Low Employment Rate The major labor problem Belgium faces is its employment rate. In 1970 the average age to retire was 64 years, today its only 59 years. For the age group from 55 to 64 men and women between 20 and 64 year was only 67. 0% in 2012 and remains very owe by European standards (Fig. 11). For the period 2012 to 2014, employment rate is not expected to increase. The EX. employment rate target for Belgium is 73. 2% by 2020. High rate of Employment in the public sector The total amount of people employed in the public sector is well over 1. Million persons on a labor force of around 5 million people. Belgium has a larger share of government-related employment and compensation than the Euro zone. Compared to the countries in the Euro zone, Belgium has the highest number of employees per inhabitant in education, and the second highest in administration. Almost 1 person more per 100 inhabitants works in this administration than on average in the Euro zone. Government Revenue Belgian public revenues as a percentage of GAP remained well above the Euro area average, owing this to the high rates of taxes, especially those on labor income.

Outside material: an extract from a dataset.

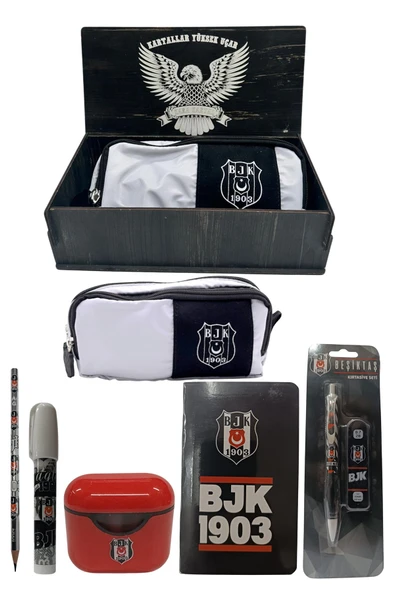 Beşiktaş Orjinal Lisanslı Beyaz Air Kalemtraş Ahşap Kutulu 6'lı Kırtasiye Seti ürün görseli 1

This high level of labor taxes has a negative impact on Belgium cost competitiveness. The tax wedge level of the labor cost of low wage earners is at 50% the highest in Europe (Fig. 12). Moreover, the gap of the unit labor cost between Belgium and its main trading partners, Germany, France and the Netherlands is widening (Fig. 3). The automatic wage indexation system will increase automatically labor costs when inflation accelerates and will so increase labor costs even more. Productivity is higher compared to Germany and France, but productivity growth is negative.
Don’t waste your time!
Order your assignment!
These evolutions are an indication that Belgium is losing competitiveness, which could lead to a negative impact on export and consequently on future growth. 4. Policy recommendations The policy recommendation for Belgium can be broken down into short run demand policy to increase aggregate demand and real GAP and long run supply policy to attain long term sustainable growth. Demand Side Policy My recommendation is to implement a fiscal policy. Tax rates in Belgium are very high. The discretionary fiscal policy should have its focus on decreasing the tax rate for low wage earning earners and firms.

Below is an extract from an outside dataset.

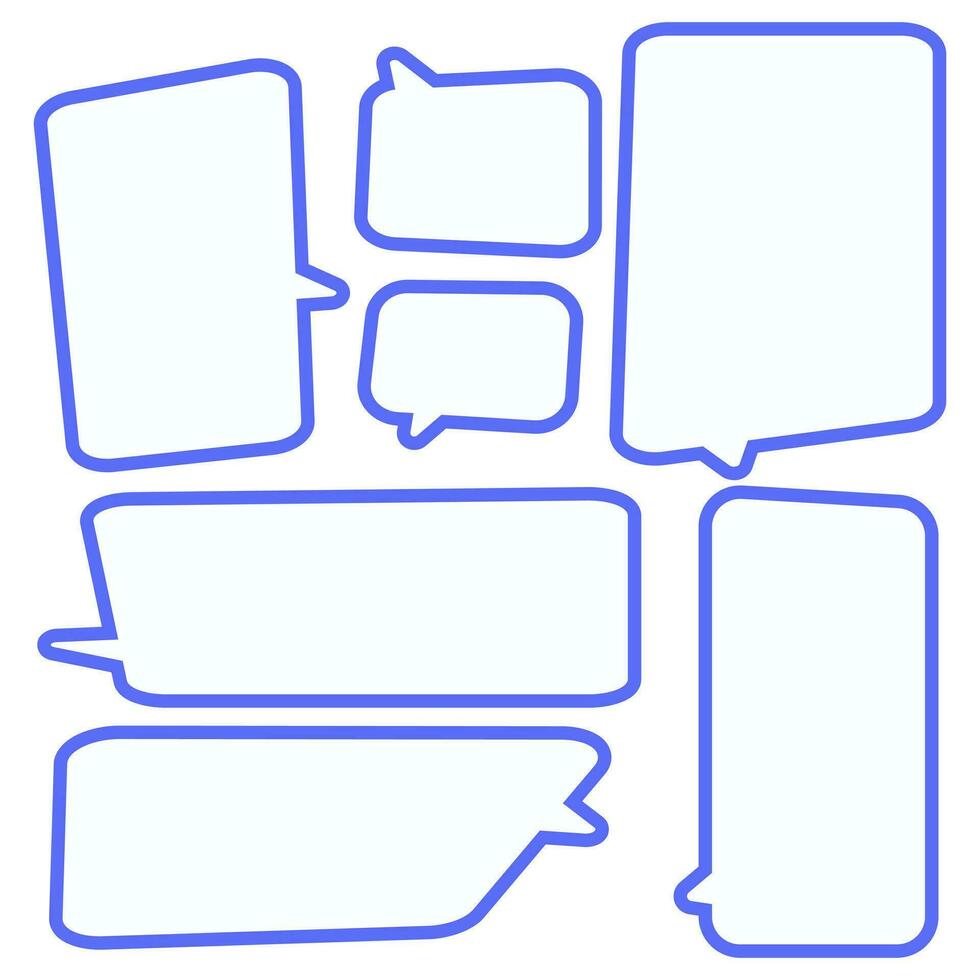 Set speech bubbles on white background. chat box or chat vector square and doodle message or communication icon Cloud speaking for comics and minimal message dialog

Today, the tax wedge level of the labor cost of low wage earners is 50%. Decreasing income tax rate will increase their disposable income and this should lead to an increase in labor cost for firms. Lower labor cost lead to a decrease of the production price for goods and services and make them more competitive and as such can cause an increase in export. A decrease in the tax rate for firms should increase their investment expenditures. This leakage could have a multiplier effect on national income over a 5 to 10 year period.
A lower tax rate on labor and firms should have a positively impact on the aggregate demand and increase the real GAP. With a public debt in Belgium of almost 100% of the GAP and a budget deficit of 2. 9%, government spending should not be increased. The major trade-off of this proposed fiscal policy is the risk of stagflation. When the rise of aggregate demand is preceding the increase in output and the employment of resources, inflationary pressure may increase. Belgium is a highly open economy with high levels of import and export.
Another trade-off is that the increase in disposable income resulting in an increase in consumer spending will leak away via an increase in imports. Supply Side Policy My recommendation is to reduce taxation, reform the trade unions and improve the Taxes on labor for the low wage earners are the highest in Europe. The direct tax rate is therefore expected to be at a level above the optimal tax rate described by the Loafer curve. Hence a reduction of the direct tax rate should work as an incentive to increase the number of hours worked.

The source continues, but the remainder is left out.